The U.S. Energy Information Administration on July 7 said it expects wholesale electricity prices this summer will be lower than last year for much of the country.
Lower wholesale electricity prices primarily reflect lower costs of natural gas delivered to power plants, particularly in the western part of the country, EIA said in its Short Term Energy Outlook.
Natural gas-fired power plants are often the marginal generator that ultimately determines power prices, it noted. “Heat waves during the summer months have the potential to cause wholesale electricity prices to temporarily spike higher than in our forecast, which represents a monthly average.”
EIA forecasts U.S. wholesale electricity prices this summer will be $4 per megawatt hour (MWh) lower than last year, hovering at an average of $45/MWh.
"Although wholesale prices at most of the 11 hubs we track show only minor changes from last summer, forecast prices at the representative hubs for the three western regions, along with the Midcontinent ISO (MISO) region, show relatively large decreases in our model," it said.
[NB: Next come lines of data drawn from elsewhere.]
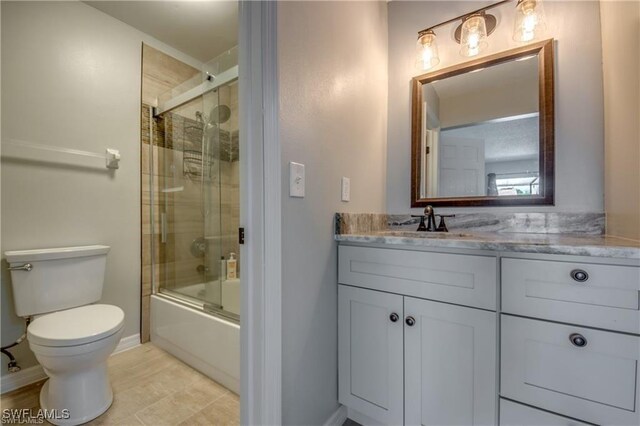 full bath featuring vanity, toilet, baseboards, and bath / shower combo with glass door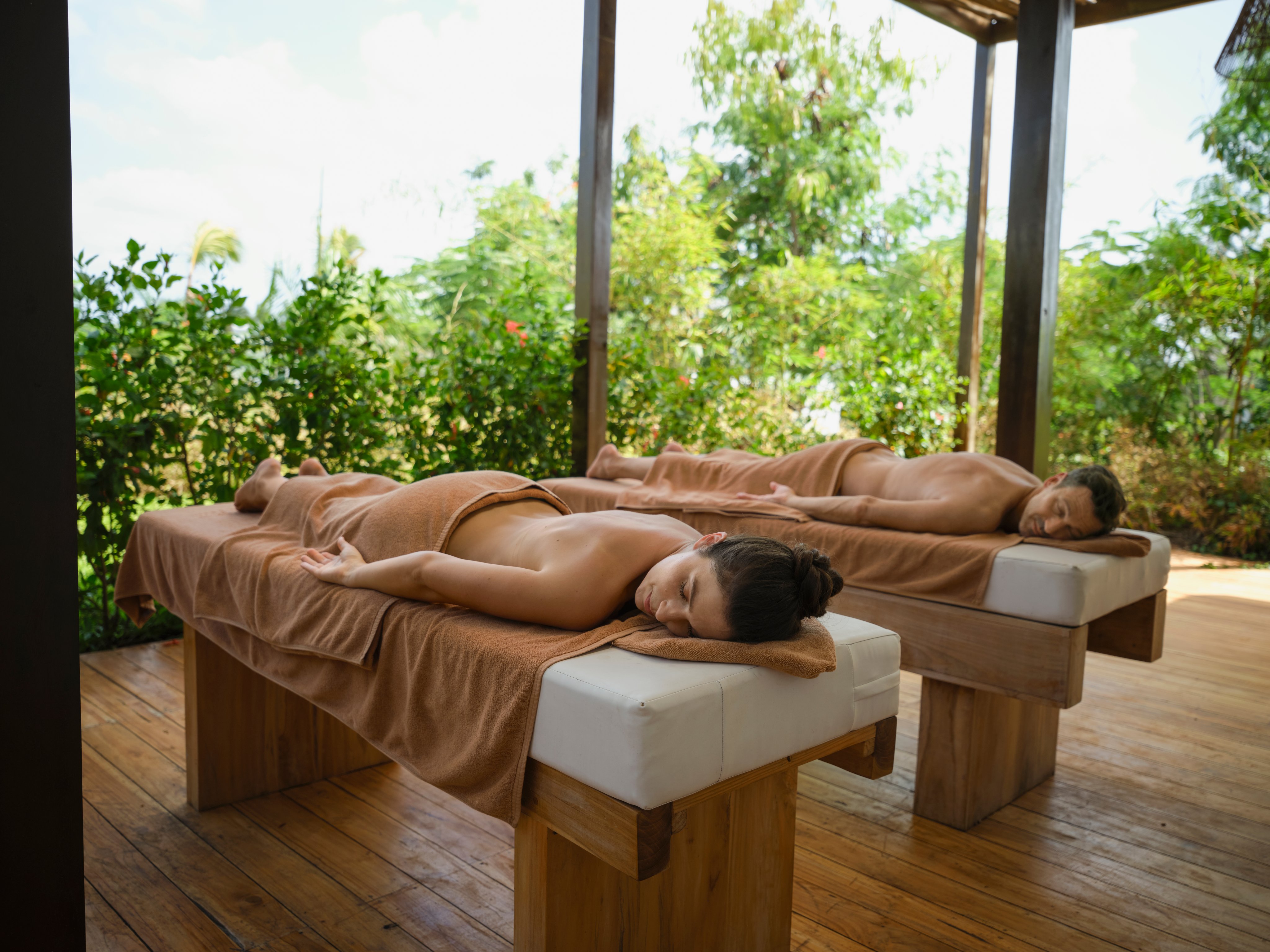Zwei Menschen bei einer Wellness-Behandlung in einer holzgedeckten Ruheoase
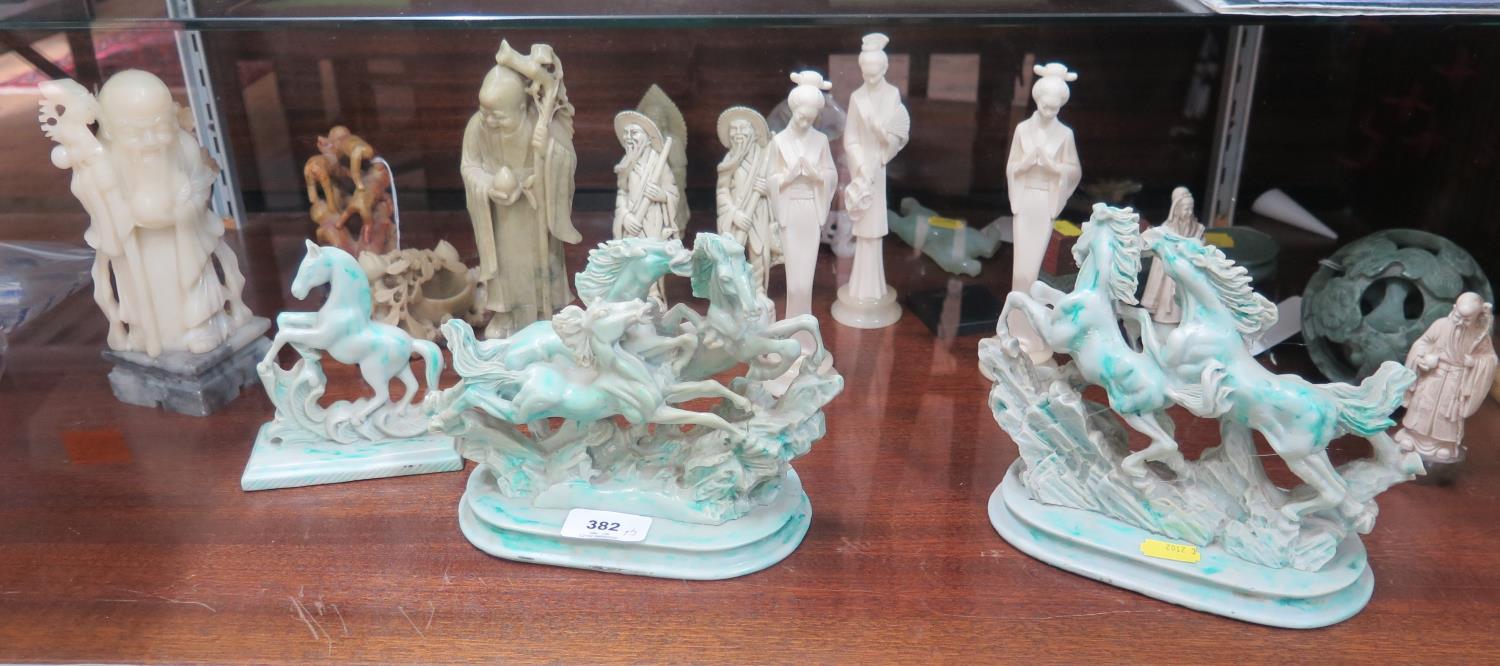 A collection of Oriental carved soapstone and resin figures including elders and horses, and a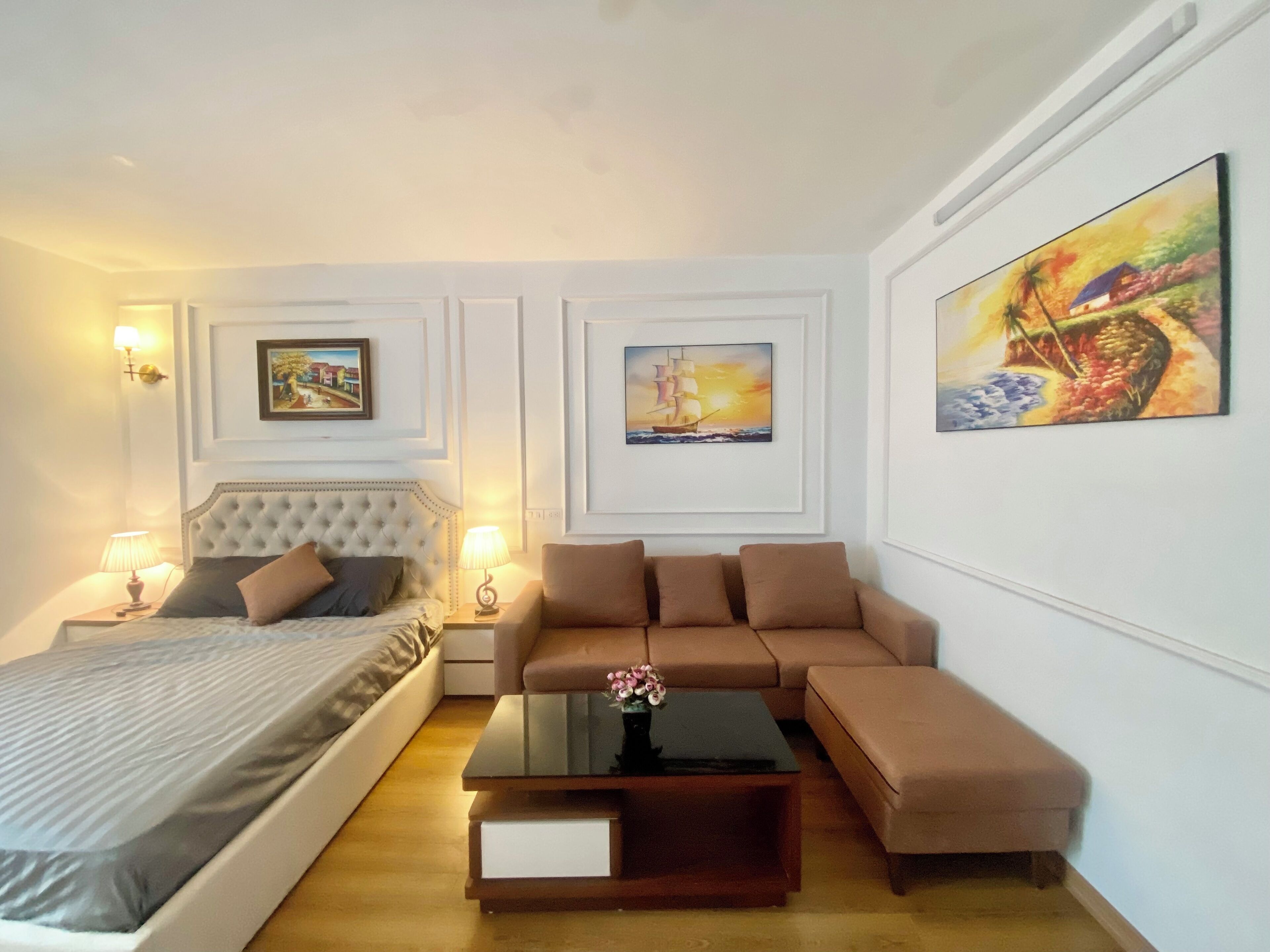 A hotel room with a bed, a sofa, a coffee table, and artwork on the walls.
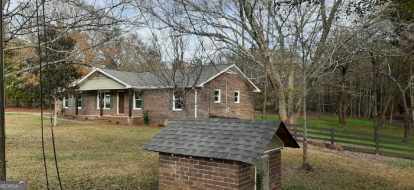 exterior space featuring a front yard and a storage shed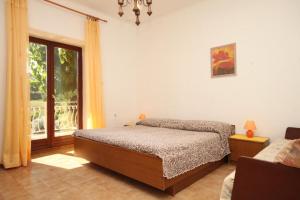Two-Bedroom Apartment with Terrace room in Apartments with a parking space Basanija Umag - 7149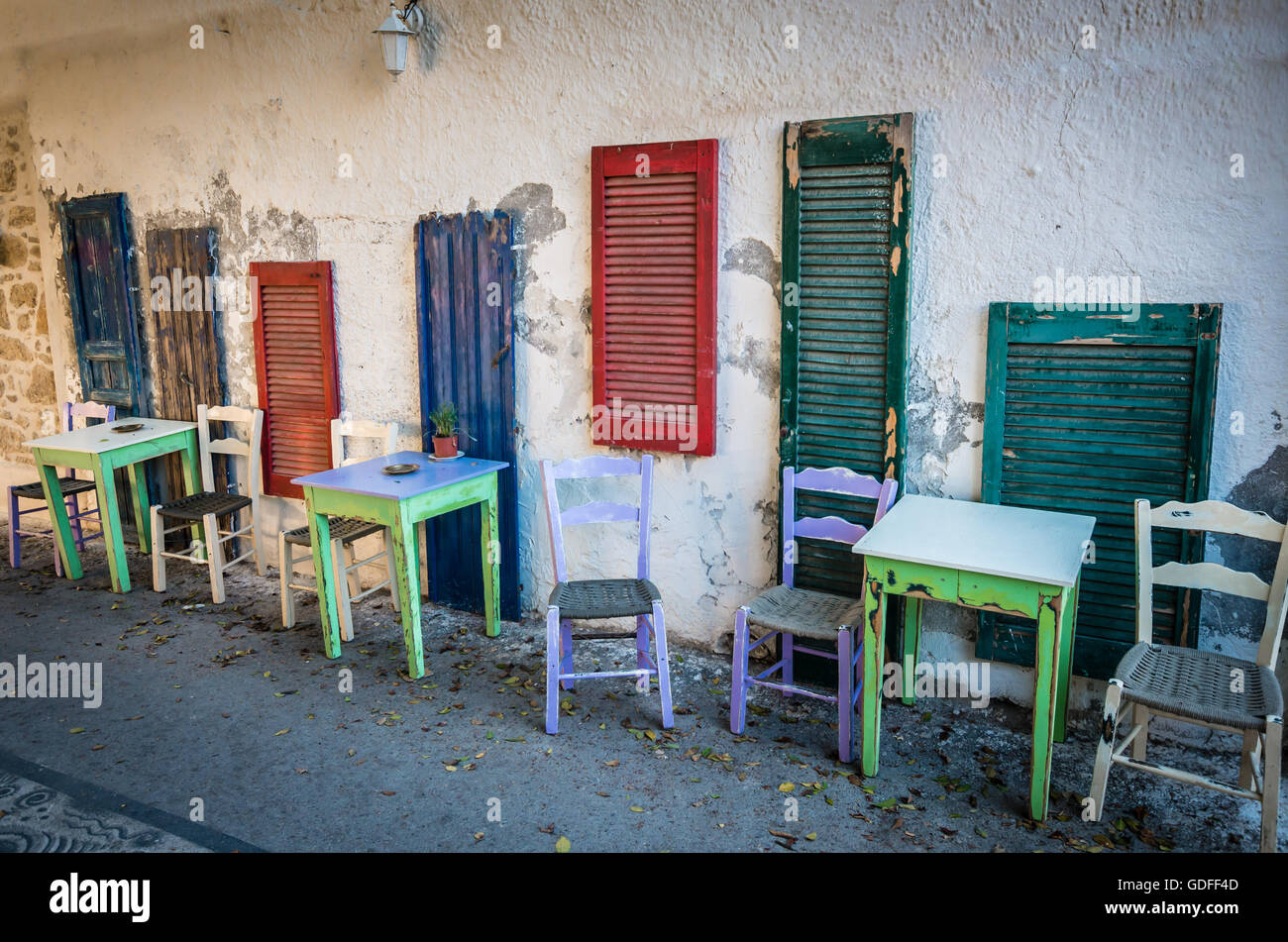 Vecchi tavoli e posti a sedere sulla strada. Verde e tavoli bianchi e bianco e viola sedi nei pressi di blu, verde e rosso di windows su una strada io Foto Stock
Alongside record natural gas production and low natural gas prices, these large, expected decreases in regional wholesale electricity prices are coincident with increased electric generation from various fuels, EIA said.
In the Northwest Mid-Columbia hub, prices drop 46% from an average of $50/MWh in summer 2025 to $27/MWh this summer, amid a substantial increase in hydropower.
EIA forecasts wholesale power prices in California will fall by 30% and average $23/MWh this summer, and in the Southwest, wholesale power prices fall by 27% and average $28/MWh. Natural gas prices in both of these regions are also relatively low.
Prices in the MISO region fall by 18% in the forecast, from an average of $56/MWh last summer to $46/MWh this summer.
In MISO, EIA expects large increases in solar generation, in particular, alongside increases from natural gas, wind, solar, and nuclear.